Each line from the one containing "[ GRWM n°31" through the end of the entries below must be output exactly; no other line belongs.

START GIVEN INFORMATION

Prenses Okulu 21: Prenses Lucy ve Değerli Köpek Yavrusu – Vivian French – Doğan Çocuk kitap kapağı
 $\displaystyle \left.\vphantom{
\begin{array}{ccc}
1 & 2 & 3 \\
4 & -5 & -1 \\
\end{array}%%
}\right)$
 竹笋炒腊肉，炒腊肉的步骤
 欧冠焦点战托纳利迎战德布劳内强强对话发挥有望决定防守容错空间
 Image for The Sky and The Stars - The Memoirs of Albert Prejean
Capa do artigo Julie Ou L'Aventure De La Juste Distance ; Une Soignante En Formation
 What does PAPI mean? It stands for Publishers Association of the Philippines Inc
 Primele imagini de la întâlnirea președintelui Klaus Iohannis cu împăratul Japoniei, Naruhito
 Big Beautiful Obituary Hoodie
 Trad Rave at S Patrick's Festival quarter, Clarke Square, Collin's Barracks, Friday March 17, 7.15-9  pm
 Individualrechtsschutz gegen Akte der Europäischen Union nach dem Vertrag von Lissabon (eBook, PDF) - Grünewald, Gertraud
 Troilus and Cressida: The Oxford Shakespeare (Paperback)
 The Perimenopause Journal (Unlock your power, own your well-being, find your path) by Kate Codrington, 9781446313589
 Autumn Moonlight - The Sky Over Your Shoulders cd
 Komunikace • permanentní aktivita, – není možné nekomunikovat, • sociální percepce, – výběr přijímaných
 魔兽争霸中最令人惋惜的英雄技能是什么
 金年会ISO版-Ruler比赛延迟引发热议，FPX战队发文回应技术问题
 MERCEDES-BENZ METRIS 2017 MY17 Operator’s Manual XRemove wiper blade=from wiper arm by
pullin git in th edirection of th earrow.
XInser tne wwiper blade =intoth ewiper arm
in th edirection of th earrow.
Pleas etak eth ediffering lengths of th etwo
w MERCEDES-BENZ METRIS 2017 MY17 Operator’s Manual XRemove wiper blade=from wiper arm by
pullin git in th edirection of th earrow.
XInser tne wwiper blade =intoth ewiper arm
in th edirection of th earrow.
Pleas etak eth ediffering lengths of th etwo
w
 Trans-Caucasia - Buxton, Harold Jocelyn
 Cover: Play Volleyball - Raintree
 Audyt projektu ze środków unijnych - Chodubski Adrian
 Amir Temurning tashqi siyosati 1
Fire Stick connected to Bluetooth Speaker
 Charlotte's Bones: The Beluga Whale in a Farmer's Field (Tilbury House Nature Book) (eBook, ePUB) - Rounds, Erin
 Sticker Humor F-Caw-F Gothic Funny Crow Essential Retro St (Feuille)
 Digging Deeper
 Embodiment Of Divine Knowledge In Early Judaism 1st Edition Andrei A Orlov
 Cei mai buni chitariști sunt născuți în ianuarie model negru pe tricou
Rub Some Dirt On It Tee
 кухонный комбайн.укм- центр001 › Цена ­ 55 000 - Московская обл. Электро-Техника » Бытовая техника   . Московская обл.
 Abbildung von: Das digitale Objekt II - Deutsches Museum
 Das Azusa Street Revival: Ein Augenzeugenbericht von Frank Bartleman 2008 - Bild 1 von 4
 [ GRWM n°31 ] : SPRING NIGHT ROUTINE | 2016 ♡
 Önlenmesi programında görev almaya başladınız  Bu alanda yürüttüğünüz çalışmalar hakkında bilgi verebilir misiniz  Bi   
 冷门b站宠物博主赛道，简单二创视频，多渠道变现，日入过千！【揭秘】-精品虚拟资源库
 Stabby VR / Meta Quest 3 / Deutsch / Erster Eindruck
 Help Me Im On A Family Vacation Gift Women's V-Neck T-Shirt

END GIVEN INFORMATION

REPLY
 [ GRWM n°31 ] : SPRING NIGHT ROUTINE | 2016 ♡
 Önlenmesi programında görev almaya başladınız  Bu alanda yürüttüğünüz çalışmalar hakkında bilgi verebilir misiniz  Bi   
 冷门b站宠物博主赛道，简单二创视频，多渠道变现，日入过千！【揭秘】-精品虚拟资源库
 Stabby VR / Meta Quest 3 / Deutsch / Erster Eindruck
 Help Me Im On A Family Vacation Gift Women's V-Neck T-Shirt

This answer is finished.